- **Problem description**:
When the line containing "Martin Odegaard in" is found in the data below, give it again along with every later line, exactly; drop the pictures.

- **Information supplied**:
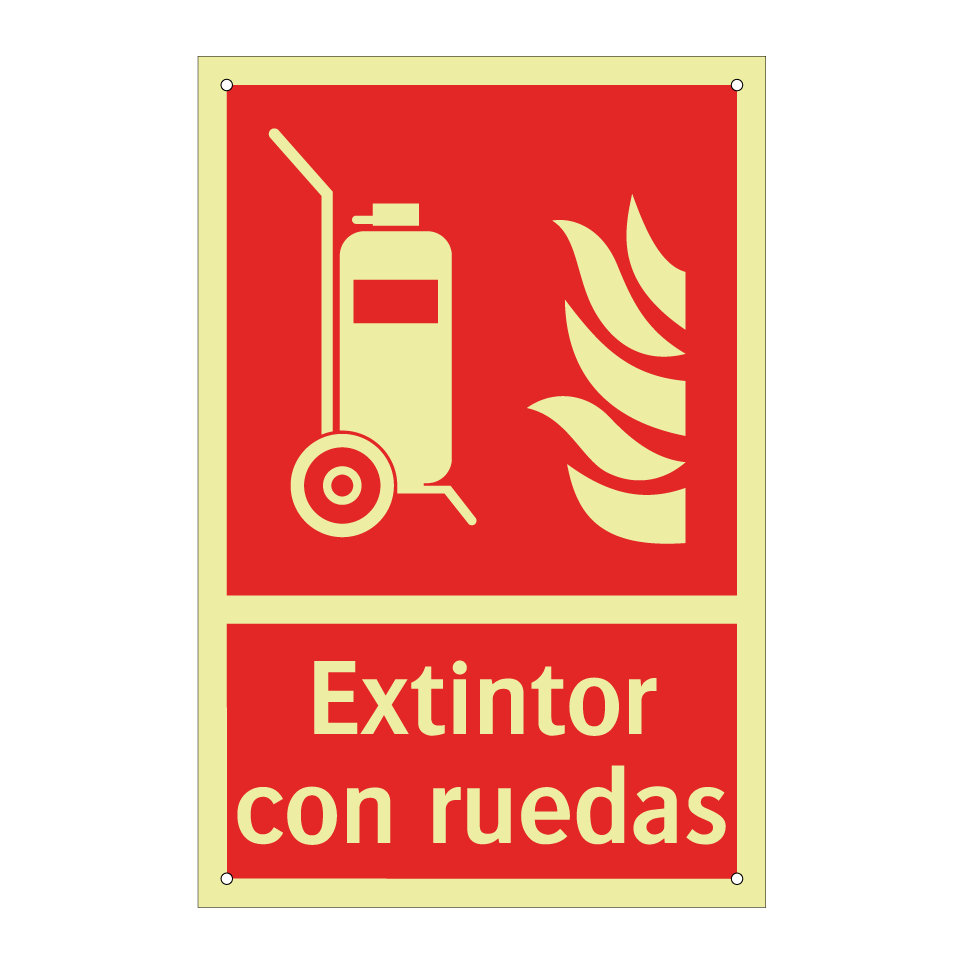 Extintor con ruedas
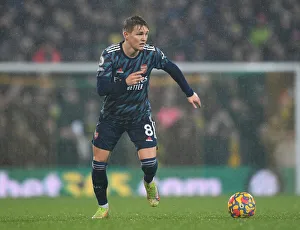 Martin Odegaard in Action: Norwich City vs Arsenal, Premier League 2021-22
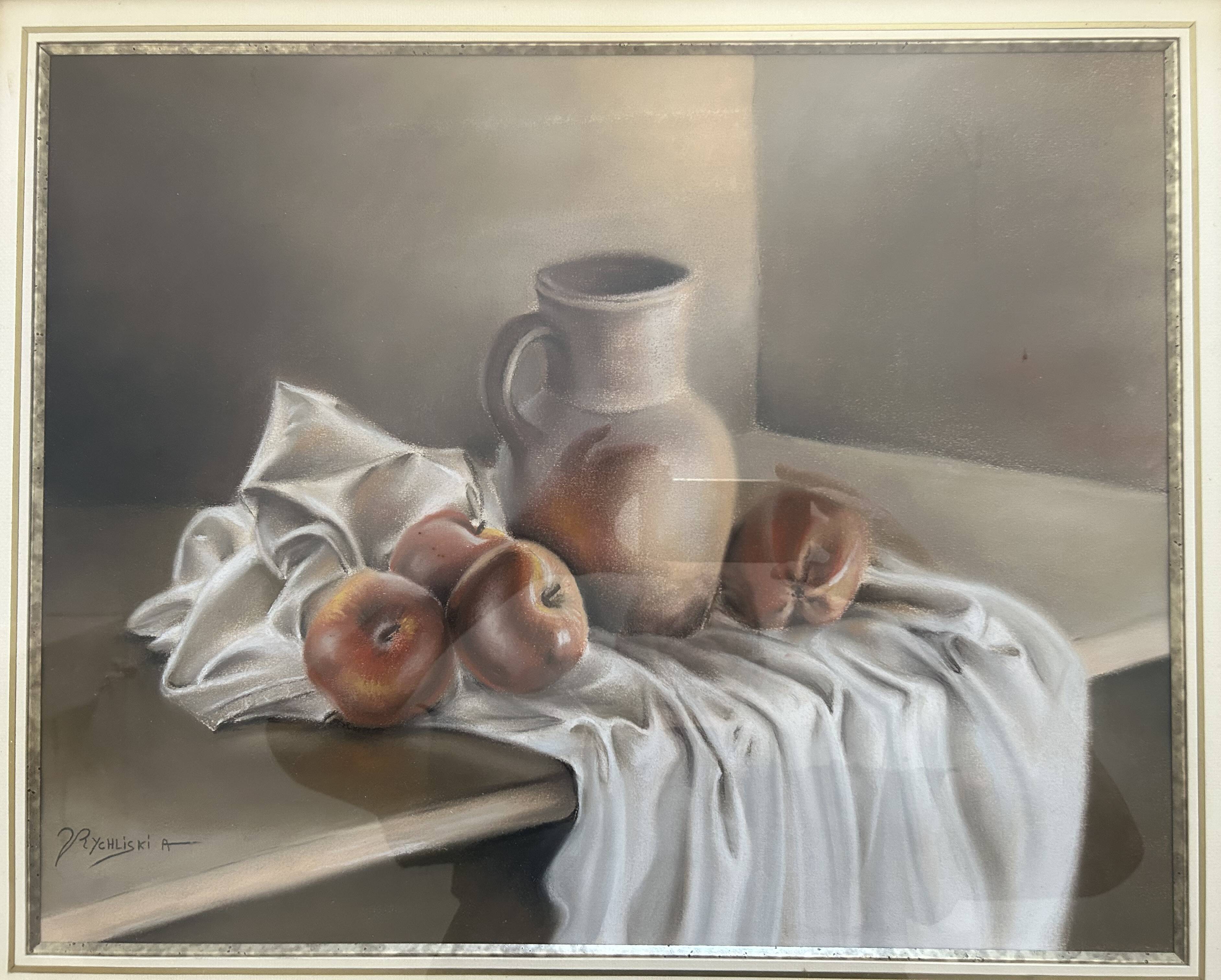 magnificent pastel well framed and in perfect condition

- **Reply to the task**:
 Martin Odegaard in Action: Norwich City vs Arsenal, Premier League 2021-22
 magnificent pastel well framed and in perfect condition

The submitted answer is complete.